Speech-to-text transcription

DeepSpeech, the automated speech recognition (ASR) engine
preferred by our client, is an end-to-end trainable, character level
LSTM recurrent neural network. DeepSpeech has been
used to produce a very low word error rate (WER), particularly
a 6% WER on LibriSpeech, an open-source 1000 hour
dataset of natural speech. 6% is approximately the human
error rate. Out of the box, DeepSpeech’s generic models returned
a 65.4% WER on our customer service call testing
data, more than 10x the WER of human processing.
This WER was ultimately reduced to approximately 18.7%
on the custom model generated using a very small corpus
of training data.

DeepSpeech functions best when translating sentence-length,
<10 second audio clips. The processing time required by Deep-
Speech to create a transcript per audio clip is between 4 and
9 seconds, with a mean of 7.14 seconds. Therefore, 5 minutes
of audio could take DeepSpeech almost 4 minutes of
processing time.

Sentiment model

Accuracy of various models were compared on 80/20 split
training/testing data made up of the IEMOCAP dataset and
a web-scraped dataset of electronic reviews with the sentiment
classification accuracies contained in figure 6. These
were 3-class classifiers where the sentiment classes were
positive, negative, and neutral. Accuracies of different feature implementations were then compared, with results contained
in figure 7. Some feature implementations did not easily
lend themselves to being run on different classification
models, so that data is absent.

Figure 6: Accuracy results of different classifiers for sentiment.
Figure 7: Accuracy results of different feature implementations.
Figure 8: Confusion matrix for training data on the final LSTM model.
Figure 9: Confusion matrix for testing data on the final LSTM model.

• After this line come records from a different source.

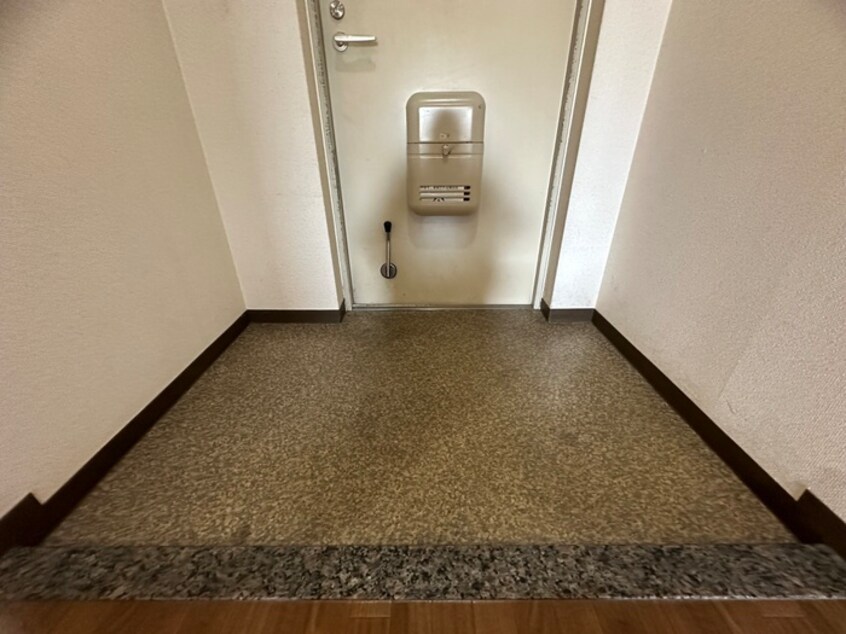 玄関 サンシャイン南茨木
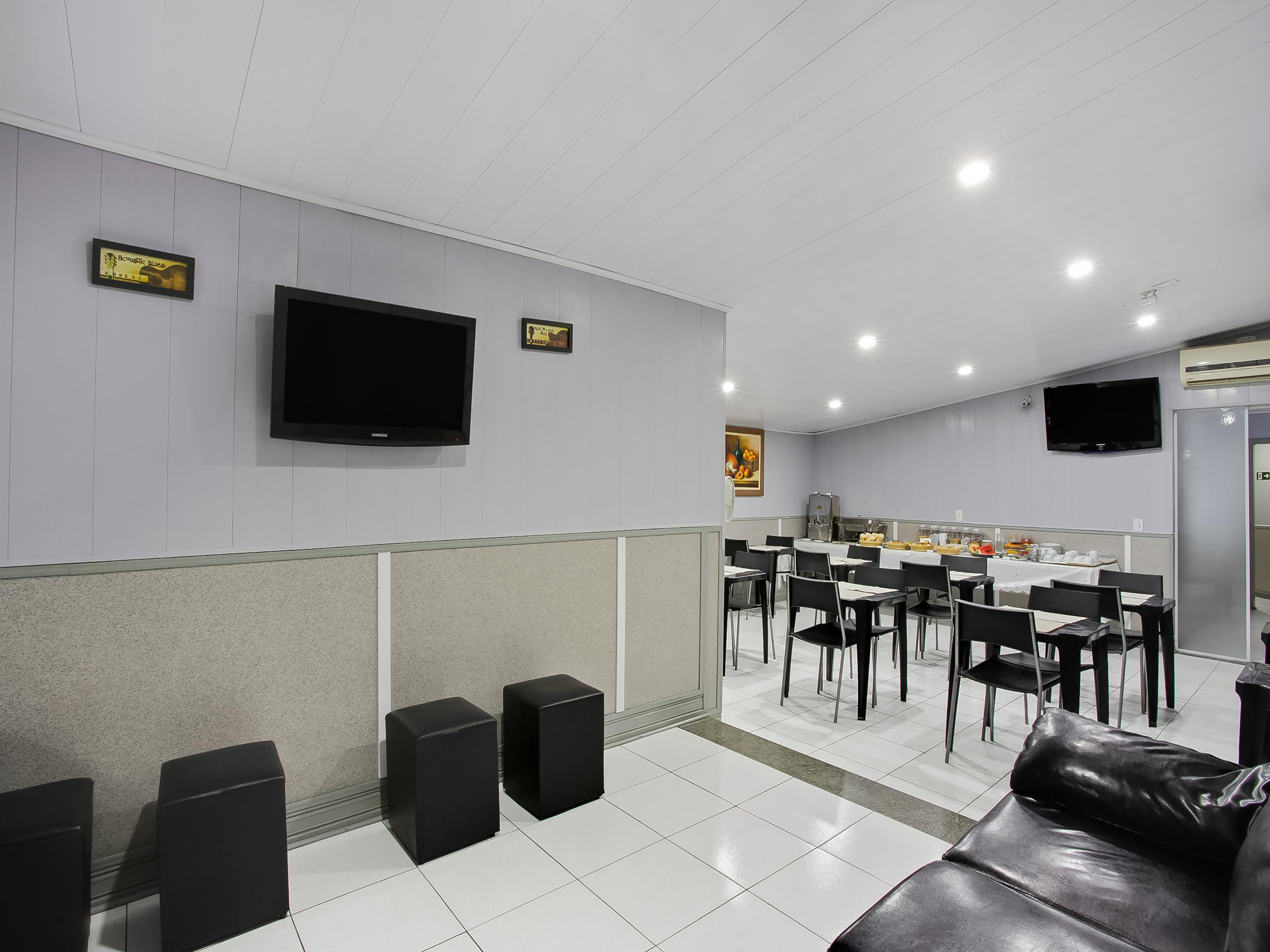 Calamares Hotel Sao Caetano (Adults Only) Санту-Андре Экстерьер фото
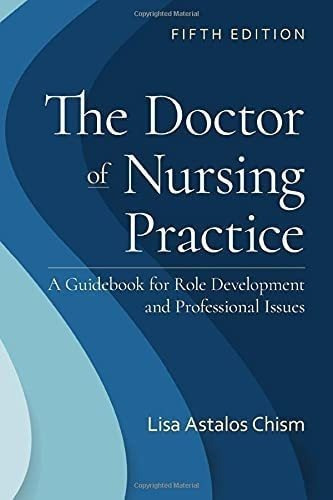 Libro: The Doctor Of Nursing Practice: A Guidebook For Role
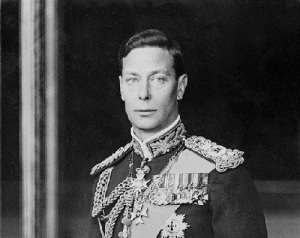 Георг VI (Фото: Matson Photo Service, Библиотека Конгресса США, )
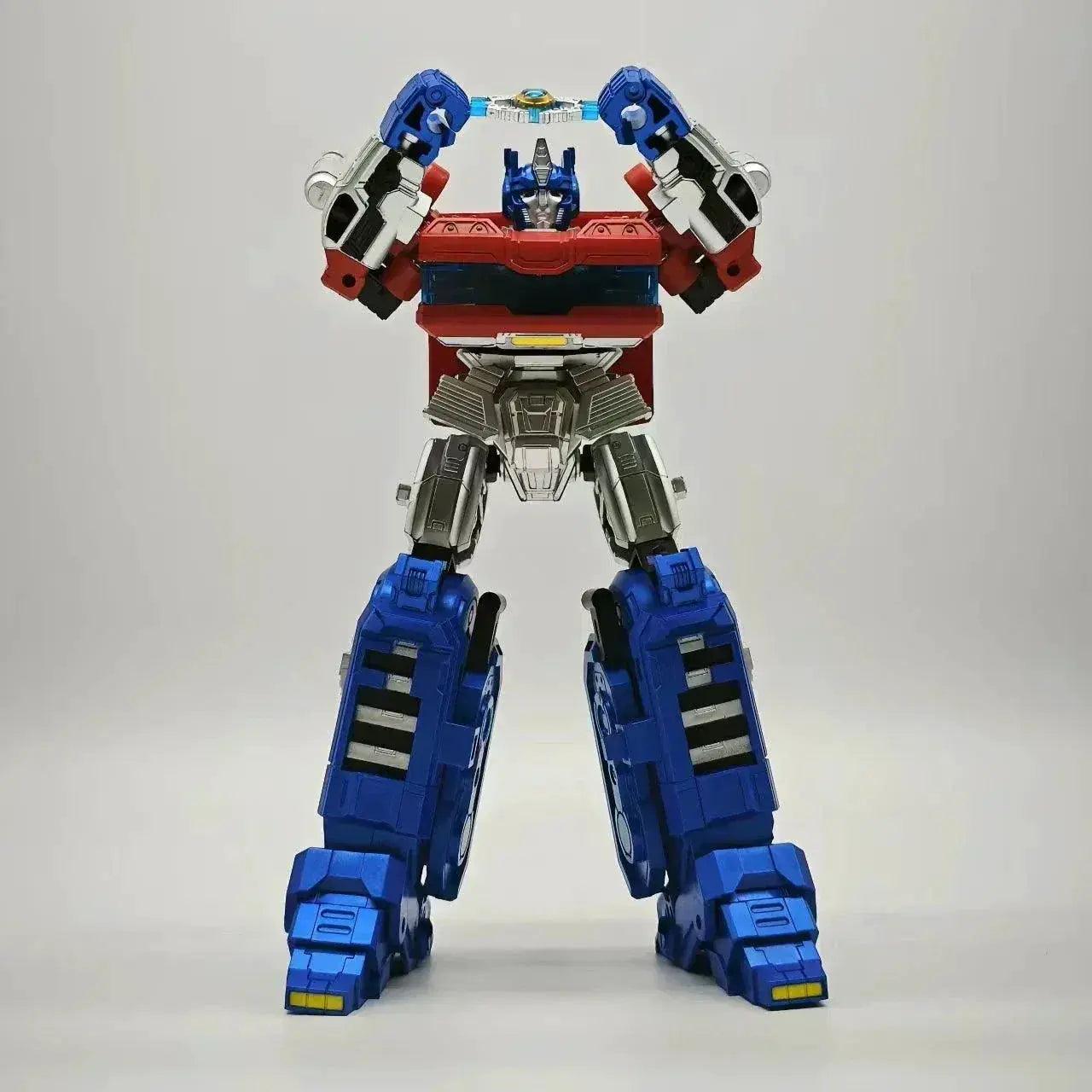  Optimus Prime Action Figure Transformers Full Transformation -  ToylandEU™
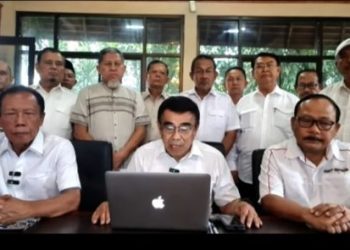 Forum Jenderal Minta Pasangan Capres Prabowo Gibran Didiskualifikasi – Warga Berita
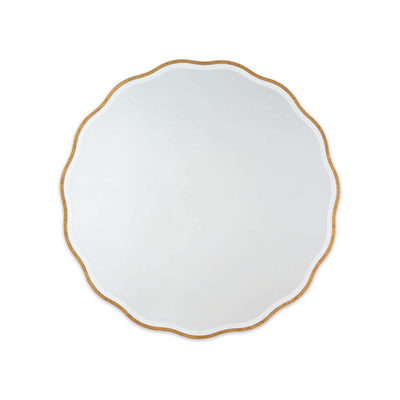 Regina Andrew - 21-1108 - Mirror - Candice - Gold Leaf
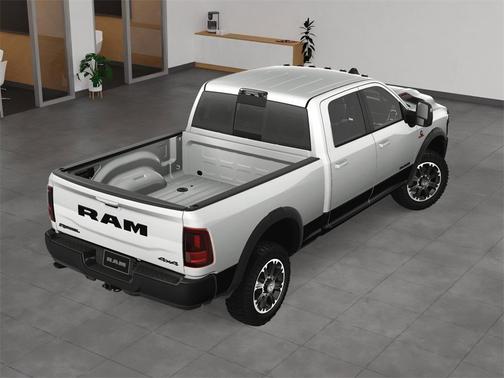 2025 RAM 2500 Rebel/Power Wagon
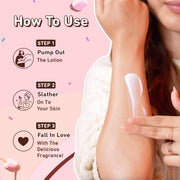 Plum Goodness Marshmallow Melt Body Lotion by Plum BodyLovin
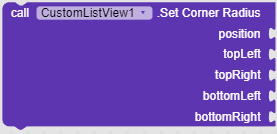 [FREE] Custom List View - An Extension for making Image and text list ...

Among the different datasets and implementations the best
results were on Neural Network Classifiers using the tf_hub
word embedding module. Of the word embedding modules,
the universal sentence encoder outperformed the other modules.
A deeper neural network outperformed sklearn’s DNNClassifier
under the same feature implementation, and was the
highest performer of all the implementations at about 10%
higher test set accuracy than the second contender. The best
model iteration was an LSTM RNN that used tf_hub’s universal
sentence encoder as feature input. This model had a
test set accuracy of 77.6% on a combined IEMOCAP and
electronic review dataset. Baseline accuracy for randomly
choosing a class for 3 classes is 33.3%.

Topic Model

Using data scraped from a wireless carrier’s online discussion
forums and FAQ section, the training data was organized
into 5 topics: accounts and services, android products,
apple products, network and coverage, and other products.
Each of these topics also included some keywords that were
seeded into the LDA model with bias (such as “iphone” for
apple products, “galaxy” for android products, etc). Using
this training data to train the LDA model, it was able to successfully
predict the topics on the testing data 57.6% time. Baseline accuracy for randomly choosing a class for 5 classes is 20%. A visualization of this LDA can be found in figure 10.

The part-of-speech subject identifier (PoSSI) model was trained
using corpora included with the Natural Language Toolkit
(NLTK) and then tested on the web-scraped wireless carrier
data described above. This model was able to produce
coherent subject-verb-object (SVO) results, but because the
web-scraped dataset is unlabeled, there is not a quantitative
way of analyzing the accuracy unless all web-scraped data
was hand-labeled for part-of-speech. Hand labeling the entire
web-scraped dataset was not in the scope of this project.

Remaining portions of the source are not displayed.